In the previous September I started learning Czech language, it’s interesting and not so hard, but a few things are really pain in the ass. One of them – word’s endings. They varies between declinations, kinds and forms. And there’s a lot of exceptions. So I decided to write a little app, that would grab random texts from internet, replace word’s endings with inputs and check correctness of values in inputs. And also I wanted make app as small as possible, ideally even server-less.
As a data source I chose Czech Wikipedia, it’s API has all I need:
-
get random article title – ?action=query&list=random;
-
get article summary by title without markup – ?action=query&prop=extracts;
-
JSONP, so app can be server-less – cross-site requests.
We can easily try this API with curl:
# Get random article title:
➜ curl "https://cs.wikipedia.org/w/api.php?action=query&list=random&rnlimit=1&rnnamespace=0&format=json"
{"batchcomplete":"","continue":{"rncontinue":"0.126319054816|0.12632136624|1223411|0","continue":"-||"},"query":{"random":[{"id":1248403,"ns":0,"title":"Weinmannia"}]}}%
# Get article summary by title:
➜ curl "https://cs.wikipedia.org/w/api.php?action=query&prop=extracts&exintro=&explaintext=&titles=Weinmannia&format=json"
{"batchcomplete":"","query":{"pages":{"1248403":{"pageid":1248403,"ns":0,"title":"Weinmannia","extract":"Weinmannia je rod rostlin z \u010deledi kunoniovit\u00e9 (Cunoniaceae). Jsou to d\u0159eviny se zpe\u0159en\u00fdmi nebo jednoduch\u00fdmi vst\u0159\u00edcn\u00fdmi listy a drobn\u00fdmi kv\u011bty v klasovit\u00fdch nebo hroznovit\u00fdch kv\u011btenstv\u00edch.
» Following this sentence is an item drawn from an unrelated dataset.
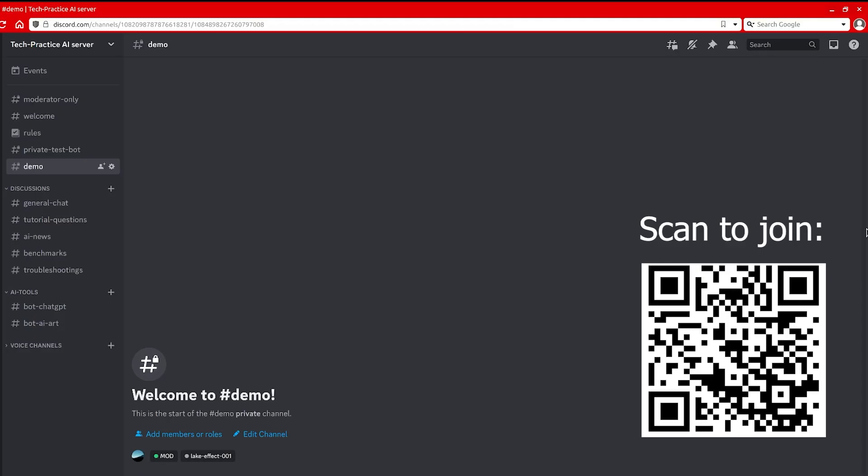Hello everyone, welcome to my channel. So today I wanted to do a quick demo for my Discord server.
Rod zahrnuje asi 150 druh\u016f. Je roz\u0161\u00ed\u0159en zejm\u00e9na na ji\u017en\u00ed polokouli v m\u00edrn\u00e9m p\u00e1su a v tropick\u00fdch hor\u00e1ch. Vyskytuje se v Latinsk\u00e9 Americe, jihov\u00fdchodn\u00ed Asii, Tichomo\u0159\u00ed, Madagaskaru a Nov\u00e9m Z\u00e9landu.\nRostliny byly v minulosti t\u011b\u017eeny zejm\u00e9na jako zdroj t\u0159\u00edslovin a d\u0159eva k v\u00fdrob\u011b d\u0159ev\u011bn\u00e9ho uhl\u00ed. Maj\u00ed tak\u00e9 v\u00fdznam v domorod\u00e9 medic\u00edn\u011b."}}}}%
For frontend I used React with Redux and Material-UI. I didn’t wanted to mess with webpack/etc configs, so I just used Create React App. And it works pretty well.
Mostly implementation isn’t interesting, it’s just a standard react+redux app. But there was a few not so obvious problems.
The first was finding word’s endings, there’s no tools for nlp for Czech in JavaScript world. But the language has limited set of word’s endings, so hardcoding them and checking every long enough word works:
const ENDS = [
'etem',
'ého',
...
'ě',
];
(word) => {
if (word.length < 4) {
return null;
}
for (const end of ENDS) {
if (word.endsWith(end) && (word.length - end.length) > 3) {
return end;
}
}
return null;
}
Another problem was extracting words from text, regular expressions like (\w+)
doesn’t work
with words like křižovatka
. And also I need to extract not only words, but a
symbols before and after the word. So I used ugly regexp:
(part) => {
const matched = part.match(/([.,\/#!$%\^&\*;:{}=\-_`~()]*)([^.,\/#!$%\^&\*;:{}=\-_`~()]*)([.,\/#!$%\^&\*;:{}=\-_`~()]*)/);
return matched.slice(1);
}
The last non-obvious part was to make client side routing work properly on heroku (on page refresh, etc).
But it was solved by just adding static.json
with content like:
{
"root": "build/",
"clean_urls": false,
"routes": {
"/**": "index.html"
},
"https_only": true
}
And that’s all. Result app is a bit hackish and a bit ugly, but it’s useful, at least for me.